At the risk of being (correctly) labeled a “grammar Nazi”, the misuse of this word has been (figuratively) driving me crazy for years. Language changes and evolves, I get that. The sentence “My cell’s out of juice so I can’t tweet” would have made no sense thirty years ago. These kids today People younger than myself use the word “sick” to describe something good, but that’s slang and was likely done intentionally for ironic effect.

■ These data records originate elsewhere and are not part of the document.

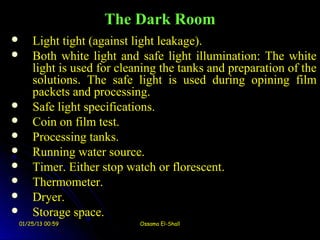 The Dark Room
   Light tight (against light leakage).
   Both white light and safe light illumination: The white
    light is used for cleaning the tanks and preparation of the
    solutions. The safe light is used during opining film
    packets and processing.
   Safe light specifications.
   Coin on film test.
   Processing tanks.
   Running water source.
   Timer. Either stop watch or florescent.
   Thermometer.
   Dryer.
   Storage space.
01/25/13 00:59            Ossama El-Shall
 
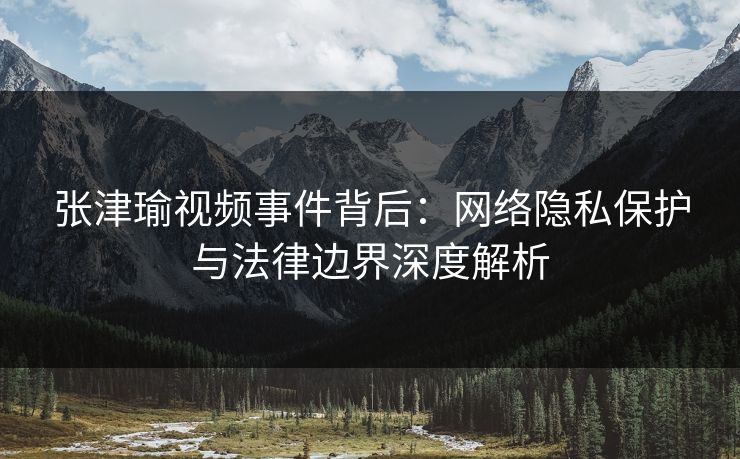 张津瑜视频事件背后:网络隐私保护与法律边界深度解析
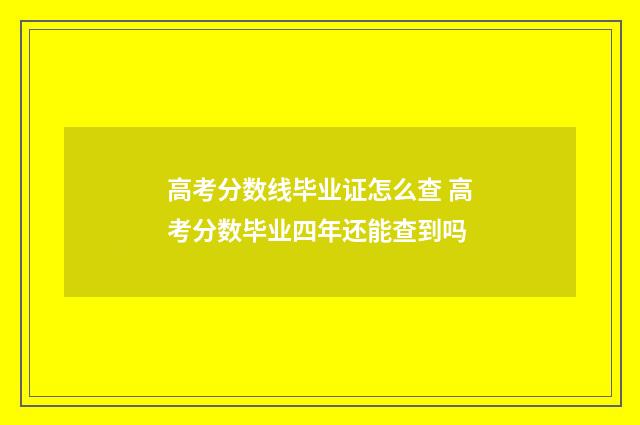 高考分数线毕业证怎么查 高考分数毕业四年还能查到吗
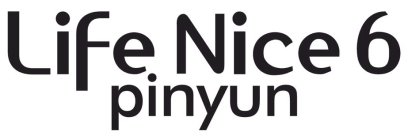 LIFE NICE6 PINYUN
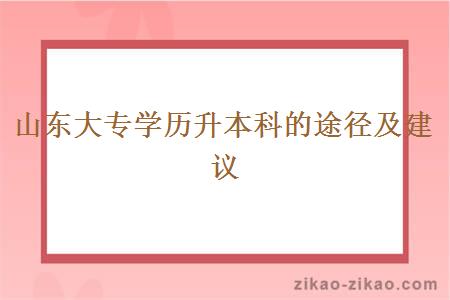 山东大专学历升本科的途径及建议
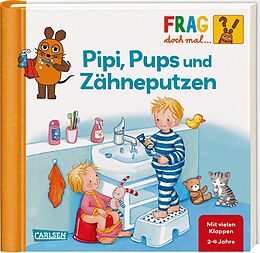Pappband Frag doch mal ... die Maus: Pipi, Pups und Zähneputzen von Petra Klose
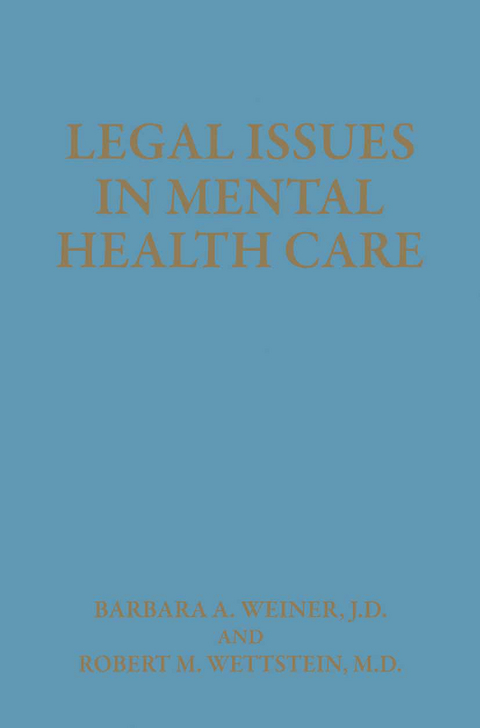 Legal Issues in Mental Health Care - B.A. Weiner, R. Wettstein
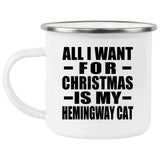 All I Want For Christmas Is My Hemingway Cat - 12oz Camping Mug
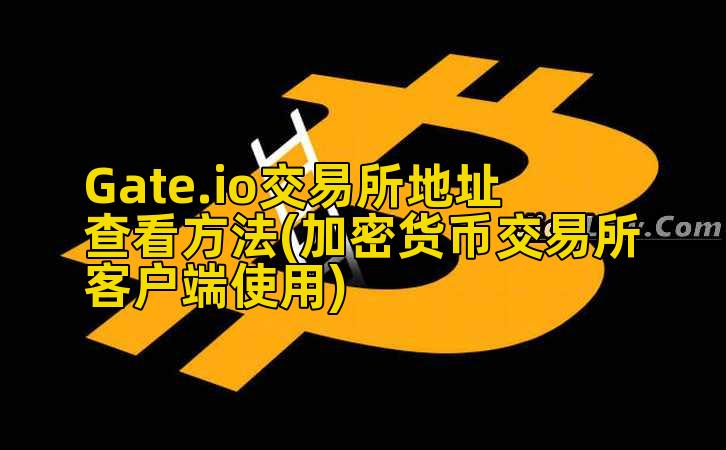 Gate.io交易所地址查看方法(加密货币交易所客户端使用)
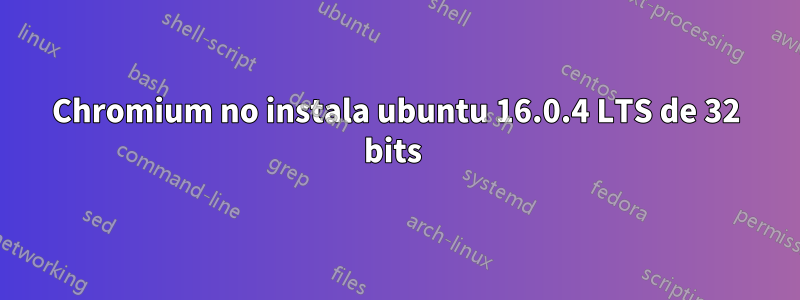 Chromium no instala ubuntu 16.0.4 LTS de 32 bits 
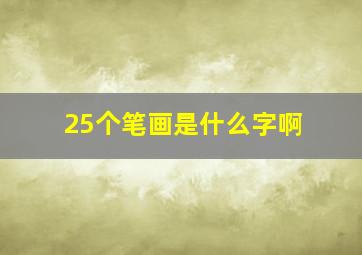 25个笔画是什么字啊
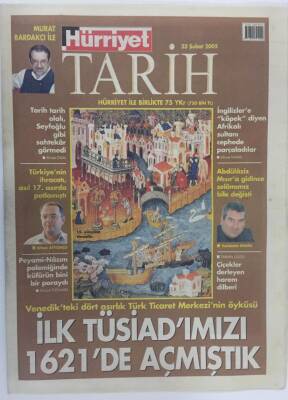Hürriyet Gazetesi Tarih Eki 23 Şubat 2005 - Venedikteki Dört Asırlık Ticaret Merkezinin Öyküsü İlk Tüsiadımızı 1621de Açmıştık GZ16885 - 1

This is not the same as giving a word (cell, tweet) a new meaning for which no word previously existed, or using a word ironically. In this case, people who don’t know what the word means are incorrectly using it to mean precisely the opposite of what it actually means, and now we’re saying that’s OK. We are catering to the seemingly increasing number of ignorant people. Rather than teaching people the correct meaning of the word and correcting those who misuse it, we are just making it right so that there’s no problem.

We are dumbing down the language.

If this continues, here are some other words that will be added to the dictionary sometime soon:

Prolly: (adv.) Probably. As in “I’ll be there late in the morning, prolly around ten-thirty.”

There: (adv.) Synonym for “they are” (formerly “they’re”) or “belonging to them” (formerly “their”). As in “They can’t remember where they parked, so there looking for there car over there.” Much easier to have just one word since people use them interchangeably anyway. Similarly, “its” vs. “it’s”.

Alot: (n.) A lot. Alot of people use this word, not knowing that it does not exist. But it doesn’t need to make you unhappy.

Ignorant: (adj.) Rude. It actually means “without knowledge”, as in “I am ignorant of the rules of cricket.” But if someone cuts in line in front of you at the grocery store, that’s rude, not ignorant.